Bugün Amerika’nın en önemli dış sorunu Suriye, Esad düşündükleri gibi kısa zamanda gitmedi, hâlâ orada. Pandora kutusunu açıp bir de başlarına DAEŞ derdini aldılar. Çesitli nedenlerle Amerika’nın Suriye’ye, örneğin Irak’ta olduğu gibi yığınlarca asker göndermesi söz konusu bile değil. DAEŞ’in ise yalnız havadan bombalarla ortadan kaldırılması imkansıza yakın, mutlaka sahada asker lazım. Bu iş bölünmüş Suriye halkı veya PYD ile olamıyor, sayıları yetersiz. PYD bizim sınır boyunca işgal ettiği yerleri elinde tutabilmek için bile Irak’tan gelen peşmergelere ihtiyacı var, ülkenin içine girip etkin olarak savaşması imkansız.

Amerika’nin baskısıyla Erdoğan şimdiye kadar birçok kez bizim ordunun Suriye’ye müdahale etmesini istedi ama buna en büyük direnç yine bizim ordudan geldi. Başarısız bir darbe girişimi sonrasında ordunun aynı direnci göstermemesi, gösterememesi muhtemel. Amerika, Rıza Sarraf dosyası ve hiç değilse bunun kadar önemli başka dosya nedeniyle Erdoğan’a daha da fazla baskı yapabilecek konuma gelmiş durumda. Yani Erdoğan bu kez orduya “haydi Suriye’ye“ emrini uygulatabilir.

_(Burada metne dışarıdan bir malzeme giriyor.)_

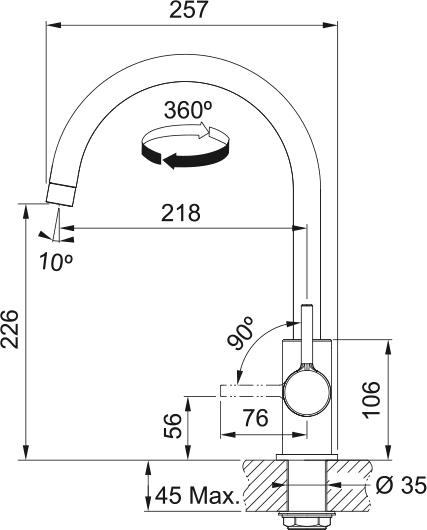 Franke 1150693228  keukenkraan afbeelding 5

Tarihe not düşelim. Gelecek bahar sonundan önce bizim ordu Suriye’ye girerse, arşivlerin açılması için 20 yıl beklemeye gerek yok, turnusol kağıdı elimizde, kimler içeriden ve dışarıdan Türkiye’yi kendi çıkarlarına alet edip Orta-Doğu bataklığına itiyormuş, anlayacağız.

 

İbrahim Çakıroğlu

 

yorum

Yorumlar kapalı.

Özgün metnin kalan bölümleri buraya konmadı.